As classic game sites emerged and grew, little attention was paid to this subdivision. The emulators were mostly offered on a site itself together with screenshots of the available games, whose ROMs were often located on an FTP site, thanks to a very thin dividing line (one mouse-click further). It is understandable that an end came to this user-friendly situation, but it doesn't mean much. Despite tough talk by the IDSA and threats by for example legendary software house Capcom to, the emulators themselves are not illegal. The newest versions of MAME are thus still easily available. The difference is that ROMs have disappeared in the morass of WAREZ. Those who don't feel like maintaining a chat-room network in order to exchange ROMs must prepare themselves for the ultimate test of patience: finding illegal software on the Internet. I will send no one without warning into the world of WAREZ, not because of any question of illegality, but to protect the searcher's mental state. Be prepared for disappointment and deception. Don't look on in surprise when your browser becomes ensnared in a connected series of porn sites. Don't even try to comprehend the existence of such useless things as Top 10 WAREZ lists; the majority of sites will do anything to win your priceless mouse-click.

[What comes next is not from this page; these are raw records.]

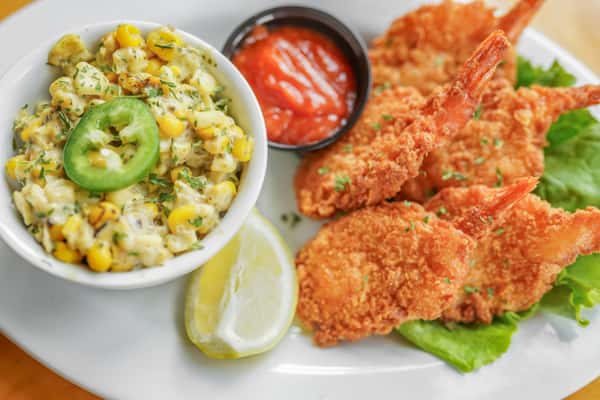 The Prime Rib - Restaurant in IA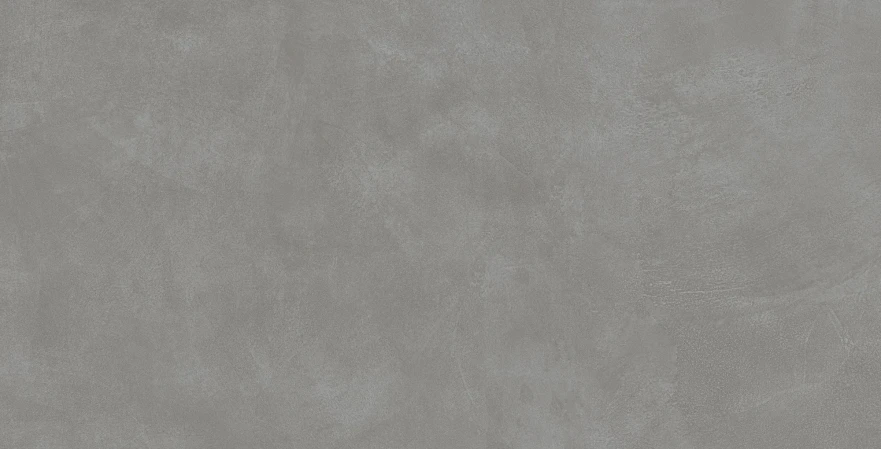 Керамогранит Rinascente Resin Smoke (80x160)/Ринашенте Ре. Смок (80x160) 610010005610 610010005610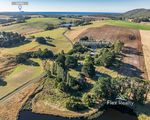 153 Montumana Road, Rocky Cape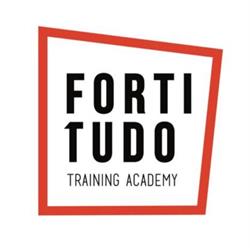 Palestra Fortitudo Training Academy srl, Bettola orari di apertura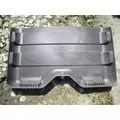 FREIGHTLINER CASCADIA 125 BATTERY BOX COVER thumbnail 2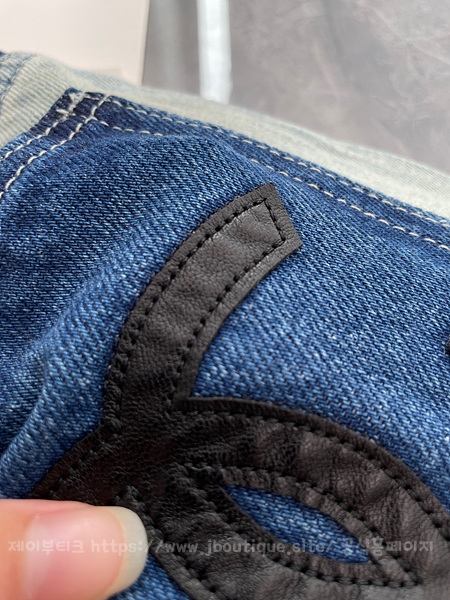 ad7f03f0fedae8a8c823f6bef01f6f6f_1694669283_9437.jpg ad7f03f0fedae8a8c823f6bef01f6f6f_1694669283_9437.jpg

But this labyrinth has its hidden prizes, and let those who would rather pay $50 for a game cast the first cabel modem. Once again a strange capacity of the Internet becomes clear: The harder it is attacked from without, the faster it addresses a problem. Those who were previously looking mostly for easily obtainable ROMs of old games suddenly runs across brand-new games. The IDSA has done us a favour. In addition, emulators were triumphantly distributed for the Nintendo 64 and Sony Playstation at the beginning of this year, a direct attack on the foundations of the non-PC game industry. Though these projects have been going for a long time (you don't build an emulator in a month), there seems to be a barely concealed idea of revenge at the bottom of it.

On the above search, one will quickly run across that other digital pariah, the MP3. Like ROM, the MP3 provoked the rancour of the music industry, that other pillar of the entertainment complex. The MP3 is simply a way to play music on your computer with near-perfect sound quality. Offering and finding MP3 files has become a game in itself, since servers have begun pursuing an active policy in the struggle against the dissemination of MP3s. A lively barter goes on here too, often conducted through stark, glamourless FTP sites. If a song is at all popular (in other words, don't look for obscure works by Sun Ra), you'll find it with any effort. If not, CD burners are widespread enough by now that someone will always be willing to burn a disk full of MP3s, ROMs, photos and related stuff for the price of a blank CD-ROM.

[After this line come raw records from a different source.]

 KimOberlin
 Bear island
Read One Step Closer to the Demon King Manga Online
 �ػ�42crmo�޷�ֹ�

The conclusion is clear (and let's be honest, none too original, considering people have been saying it for years), but the idea of copyright is unworkable with the digitalisation process. The developers of MAME understood this and always gave away their product for free (the radicalism of the gift is still intact) and invited others to contribute to the construction of MAME. Meanwhile, the music and game industries can expect little sympathy; the process of payback for every overpriced CD and game has only just begun. The question remaining is whether the consumer's vengeance and this 'alternative technological economy' will last. Who dares these days to use the words technology and utopia in the same sentence?